BEAM ENDS—Errol Flynn—Longmans, Green ($2).

Seven years ago Cinemactor Errol Flynn (Captain Blood, The Charge of the Light Brigade) whose private life last made news when he and his wife, Cinemactress Lili Damita, announced last December that they would goon a second honeymoon instead of getting a divorce, was known to the barroom clientele of Sydney, Australia, as a happy-go-lucky, well-set-up young Irishman from the New Guinea gold fields who had lately celebrated himself into a sanatorium, had not been on his uppers long before his abandoned claim was bought for $5,000. One morning he woke up to find that somewhere along his way he had paid out most of it for a 44-ft., 50-year-old harbor yacht called the Sirocco. Remorseful, but liking her low, raking lines, he decided to sail her 3,000 miles to New Guinea. All for it were three footloose companions. Setting a distinct highwater mark in personable, salty entertainment, Beam Ends is Errol Flynn’s yarn of the voyage that followed.
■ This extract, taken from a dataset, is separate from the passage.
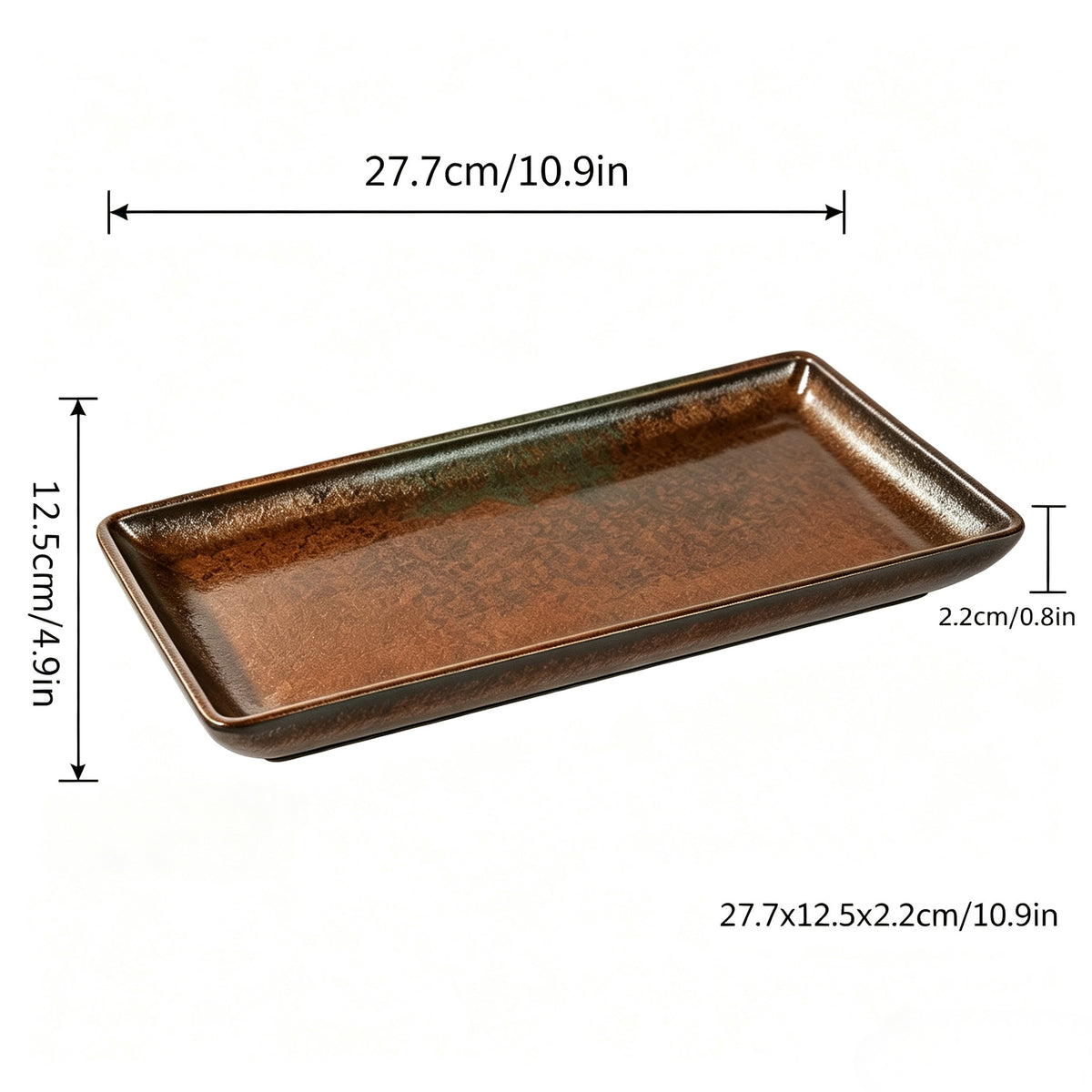 CHEFCO, CHEF-009TC, 10.9" x 4.9" x 0.8"H,  Round Melamine Plate – Copper Finish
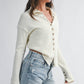 5221HK Button Front Cropped Knit Cardigan: Pink / Contemporary / M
Navigating was “The Dook,” wiry, chaste, non-practicing bridge engineer, whose sober tinkering with the sextant gave their position anywhere from mid-ocean to mid-Australia. Real navigator, says Author Flynn, was Providence. They all took turns at the hand pump, which had to be kept going most of the time. Figuring a couple of months for the trip, they took seven, with many a layover for repairs and beachcombing. Once they made $50 catching kingfish; poker games showed a profit; they poached a sheep, paid for it later out of the fee collected on an opium-runner’s errand. Diversions included their own brand of Rabelaisian horseplay, drinking bouts, a couple of carnivals, acquaintance with many an odd character.

Loitering through the beautiful coral islands of the Great Barrier Reef, they put in one day at a small island inhabited by the Wilson family, who lived on shell fishing. Oldest Daughter Lucy was breathlessly beautiful, listened wide-eyed and adoring to Author Flynn’s descriptions of the magical outside world. But when she took him to a secluded pool and jumped in trustingly with nothing on, he decided that innocence disarms and went to say goodby. Lucy did not see why she could not go with him, swam out to the boat after them, scratched and bit while they trussed her up, took her ashore.

In the Coral Sea they hit bad weather. The Sirocco leaked like a screen, was ready to go to pieces until they let it run with the gale. After three days of it, more dead than alive, they reached New Guinea, found a native pilot and set out for Port Moresby. Two days away, in a sudden cyclone, the Sirocco was smashed to splinters on a reef, “kindly, lovable old Dook” drowned.